Jinghang Li*,1, Shichao Li*,2, Qing Lian2, Peiliang Li2, Xiaozhi Chen2, Yi Zhou†,1
1 Neuromorphic Automation and Intelligence Lab (NAIL), Hunan University
2 Zhuoyu Technology
* Equal contribution † Corresponding author: Yi Zhou
Abstract
Recent visual autonomous perception systems achieve remarkable performances with deep representation learning. However, they fail in scenarios with challenging illumination. While event cameras can mitigate this problem, there is a lack of a large-scale dataset to develop event-enhanced deep visual perception models in autonomous driving scenes. To address the gap, we present the eAP (event-enhanced Autonomous Perception) dataset, the largest dataset with event cameras for autonomous perception. We demonstrate how eAP can facilitate the study of different autonomous perception tasks, including 3D vehicle detection and object time-to-contact (TTC) estimation, through deep representation learning. Based on eAP, we demonstrate the first successful use of events to improve a popular 3D vehicle detection network in challenging illumination scenarios. eAP also enables a devoted study of the representation learning problem of object TTC estimation. We show how a geometry-aware representation learning framework leads to the best event-based object TTC estimation network that operates at 200 FPS. The dataset, code, and pre-trained models will be made publicly available for future research.
At a Glance
Data Modalities
All sensors are hardware-synchronized at sub-microsecond precision using IEEE PTP and a 10 Hz trigger signal.
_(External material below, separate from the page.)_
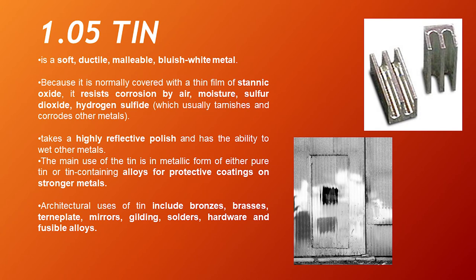Tin. Tin is a soft, ductile, malleable, bluish-white metal. Because it is normally covered with a thin film of stannic oxide, it resists corrosion by air, moisture, sulfur dioxide, and hydrogen sulfide — which usually tarnish and corrode other metals. It takes a highly reflective polish and has the ability to wet other metals. The main use of tin is in metallic form — either pure tin or tin-containing alloys — for protective coatings on stronger metals. Architectural uses of tin include bronzes, brasses, terniplate, mirrors, gilding, solders, hardware, and fusible alloys.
FLIR Blackfly S at 1920×1200, 10 Hz. Auto-exposure with exposure time priority (1–20 ms) for minimal motion blur.
Prophesee EVK4 at 1280×720. Microsecond temporal resolution with high dynamic range, ideal for challenging illumination.
3× Livox TELE-15 (320 m range) + 1× Livox Mid-360 for dense point clouds used in 3D annotation.
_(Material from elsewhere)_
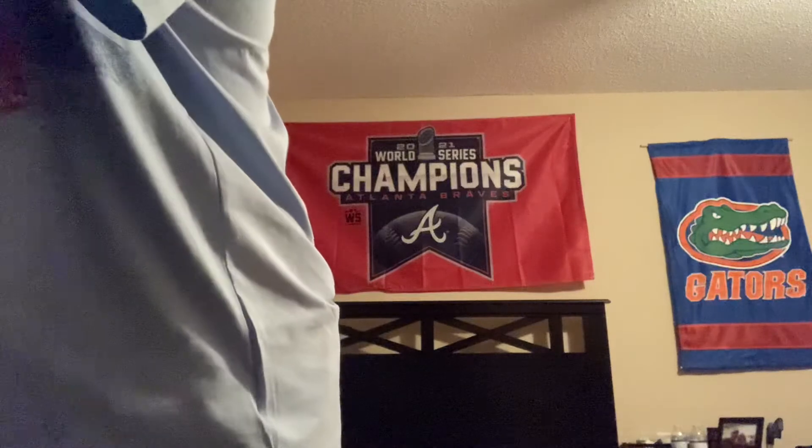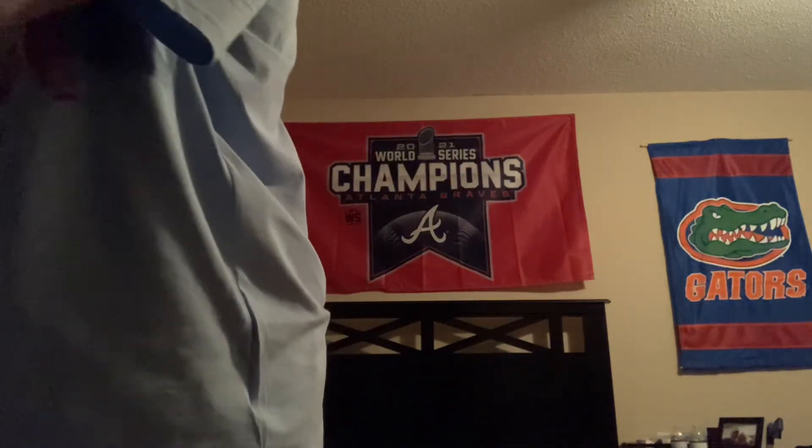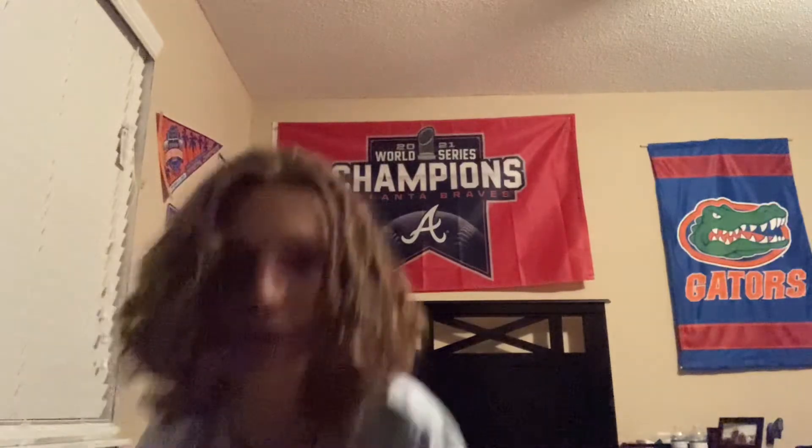And probably the coolest thing I got — it's pretty fragile so I gotta make sure it won't break. It's for all you Falcons fans out there. This is probably my favorite thing that I got today: an autographed Kyle Pitts Atlanta Falcons helmet. That right there was the authentication card from Fanatics.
u-blox ZED-F9K with RTK (0.2 m position accuracy). Ego-pose via tightly-coupled GNSS-Visual-Inertial fusion (GVINS).
Sensor configuration: the event camera and RGB camera are rigidly mounted with a narrow 3 cm baseline.
Dataset Details
Diverse driving scenarios spanning highways, urban roads, and low-light conditions across different times of day and weather.
| Region | Distance | Illumination | Sequences (Train/Test) | Duration (Train/Test) |
|---|---|---|---|---|
| Highways | 178.44 km | Sunny | 13 / 3 | 65 / 15 min |
| Cloudy | 10 / 1 | 50 / 5 min | ||
| Twilight | 7 / 2 | 35 / 10 min | ||
| Urban | 52.61 km | Sunny | 5 / 1 | 25 / 5 min |
| Cloudy | 4 / 1 | 20 / 5 min | ||
| Twilight | 1 / 1 | 5 / 5 min | ||
| Night | 5 / 2 | 25 / 10 min | ||
| Low-light | 5.01 km | Night | 1 / 1 | 5 / 5 min |
| Total | 236.06 km | — | 58 | 290 min |
Annotations
Pre-labeled via BEVFusion with 500k in-house frames, tracked by 3D Kalman Filter, then manually verified and corrected by human annotators.
7-DoF cuboid annotations (x, y, z, l, w, h, yaw) in ego-vehicle coordinate system with front-camera projection.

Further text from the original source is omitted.